I'm Shikha and this story begins back when I was in school and eighteen years of age. I was in my twelfth standard and I was always good at studies. I had not had a boyfriend or any relationships until then. I had a lot of friends at school, but somehow, I never had a relationship or hook ups with anyone by then. There was this boy that I barely had an acquaintance with, and we used to talk seldom, at best. However, as time progressed, we talked a bit every now and then in class and exchanged numbers, however, everything was still just on a friendship-only level.
Then, I clearly remember even now, that it was out of the blue that this boy (we will call him Ravi), contacted me and asked me to meet him in the evening. Out of innocence, I imagined that it would just be a regular hangout, however, at the back of my mind I could sense by the nervousness in Ravi's voice that it could be a bit odd. Anyway, Ravi came to meet me, later that day, in the evening. He directly started by telling me that he was fond of me and that he loved me. I was surprised and at first, I didn't know how to respond. However, as I had never experienced any relationship previously, my mind told me not to say no instantly. I told Ravi that I needed time to think and that was how we parted ways that evening.
We stayed in contact and Ravi tried asking me after a couple of days regarding what I had decided on his proposal. I tried delaying it as much as I could and so this continued for almost a week. I wasn't already attracted towards Ravi, however, based on the limited conversations that I had with him, and the way how he handled himself in class, I knew a couple of things for certain. I knew that he was a nice guy for starters, however, also that he wasn't really much interested into studies and would more often than not be the one of the guys to be shoved out of class for not completing homework, talking in class or any other such silly reasons.
Ravi was one of the popular guys in class, but for all the wrong reasons. Although he wasn't interested in studies, talk or laugh in class during sessions, be busy gazing out of the window etc, but otherwise being very intelligent and smart. But he wasn't the "bad guys" group, he was a nice and kind guy. After having procrastinating the decision for more than a week, after being pestered for a response, I finally accepted his proposal. He was on the highest cloud level possible and from that point onward, he would wink at me at school etc and we used to talk a lot at school and also on the phone, once we both were at our homes.

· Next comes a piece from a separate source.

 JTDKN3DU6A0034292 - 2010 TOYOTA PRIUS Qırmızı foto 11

Our relationship went great and we sometimes used to walk back home together from school to spend some time together. We used to discuss every detail in the daily chitchats that are necessary to build a relationship from scratch. This same routine continued for a while until Ravi started talking about how he wanted to get to kiss me. I was very innocent and immature back then and we had almost no physical contact back then. After delaying it for a couple of months, we had our first kiss and from that point onward, he used to try to put his hand on my skirt while in class, whenever we used to get the chance to sit together. I was still not ready for all that, so I used to stop his advances. He did get upset due to that, but out of love, he always decided to control him and his frustration.
As time progressed with nothing more than the occasional kiss and slight touching sometimes when no one was looking, it was still a wonderful time we had. We both completed our schooling and it was time to take admission in a college for further studies. It was a welcome relief to get rid of the school dresses and the normal school routine. I was especially happy with that, as I could now wear different outfits and dresses as I pleased, and wasn't confined to the cage of a school dress. We both got admitted to our respective colleges and life transgressed into the college atmosphere and culture.

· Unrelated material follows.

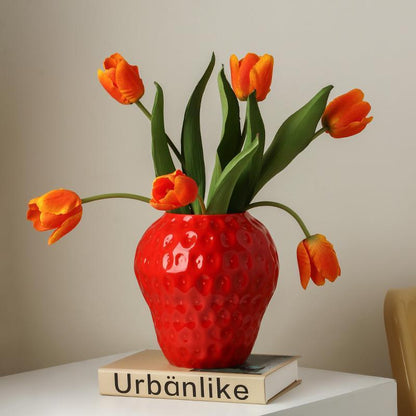 Straberry Vase Home Decorate - Hearth & Lume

It was at this time, that I grew fond of wearing tight tops, jeans, skirts and dresses more often than before. Out of the lot, skirts, dresses and outfits were my most favourite. I had always been slim and enjoyed a good figure, almost close to perfect, if I do say so myself. Due to this, whenever I would wear a figure hugging (body con) dress, I couldn't help but notice more than just a couple of eyeballs trying to get a glimpse of me, albeit discreetly. This led to boys and sometimes even girls linking my name with that of another boy at college and teasing us both about it. This kind of attention is very attractive and while I tried to avoid it, some attention is never turned down by a young, attractive girl.
This new found attraction, linkups with other boys and attention, however, did not turn well with my boyfriend Ravi. I was forthcoming in telling him about any such new occurrences, however, I could feel him getting increasingly jealous and angry due to it. We had our usual fights using that and I would ask him not to become so jealous, upset, insecure and angry about this and that I was always avoiding such situations anyway. But he continued with his same response to this and slowly started trying to restrict me from hanging out with friends and wearing certain clothes. I told him that it wasn't right of him to do that and eventually we both grew habitual to it.